American Fly Fishing

Lurking in the Shadows
By Nathan Perkinson

Thornapple River, MI

The old bridge at McKeown Bridge Park, east of Hastings, is one of the author’s favorite spots to target bass and panfish. The water is fast, but wading is fairly easy. Look for fish-holding structure, including deep holes and submerged rocks. Photo by Kyra Perkinson

One of my favorite little smallmouth holes is just east of Hastings, Michigan, on the Thornapple River. You can see it from a highway bridge and it’s easy to reach. This spot was always easy to fish, too: just hop a heavy fly along the sandy bottom and wait for a fish. That is, until last year, when a log drifted into the hole and wedged itself in place. I’m sure the bass enjoy this extra cover, but it makes fishing that hole a real headache.

One day last autumn, I started my day on the Thornapple at that spot, casting a heavy sculpin pattern under a strike indicator—standard operating procedure for my style of targeting smallmouth. My first cast found that submerged log and I broke the fly off. When a second sculpin fly met the same fate, I began to suspect that my go-to spot may have soured. I lost a Clouser Minnow next, further confirming my fears.

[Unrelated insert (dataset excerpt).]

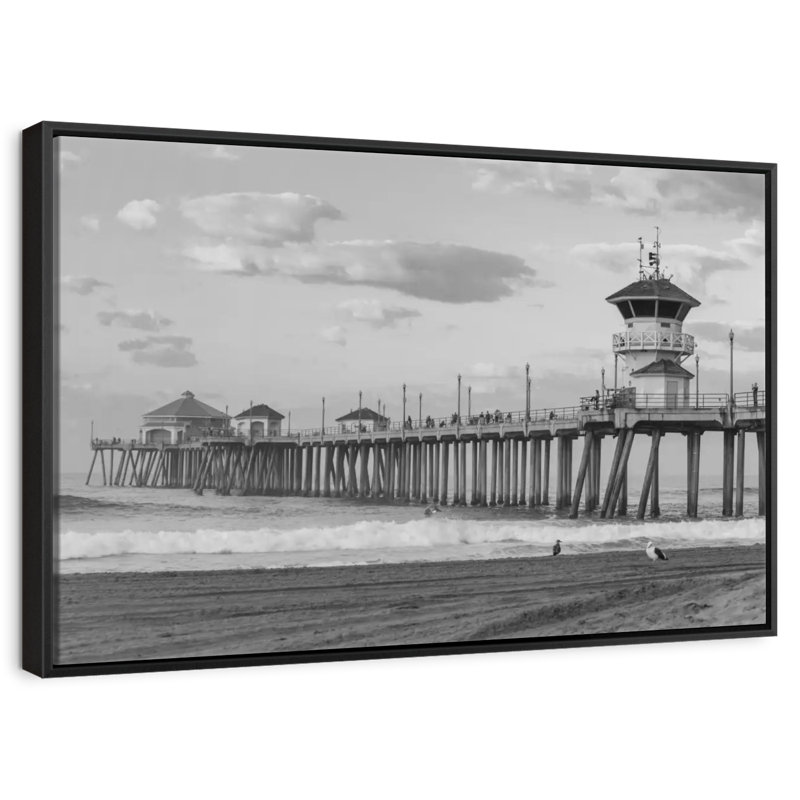 Jetée à Huntington Beach, Cadre flottant noir, 37 po x 25 po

Eager to feel a bend in the rod, I swapped out my smallmouth rig for a 5X leader and a Gurgler with lots of rubber legs. Having already lost three flies in that hole, my faith in that Gurgler was right on par with my belief that the Detroit Tigers will ever win another World Series. But fishing is full of surprises. The little white Gurgler plopped down, a shadow materialized from the depths like Captain Kirk beaming onto an alien plant, and I set the hook. The bass was no wall-hanger by any stretch, but my fear that the hole had been ruined disappeared in a hurry when I happily brought the smallmouth to hand.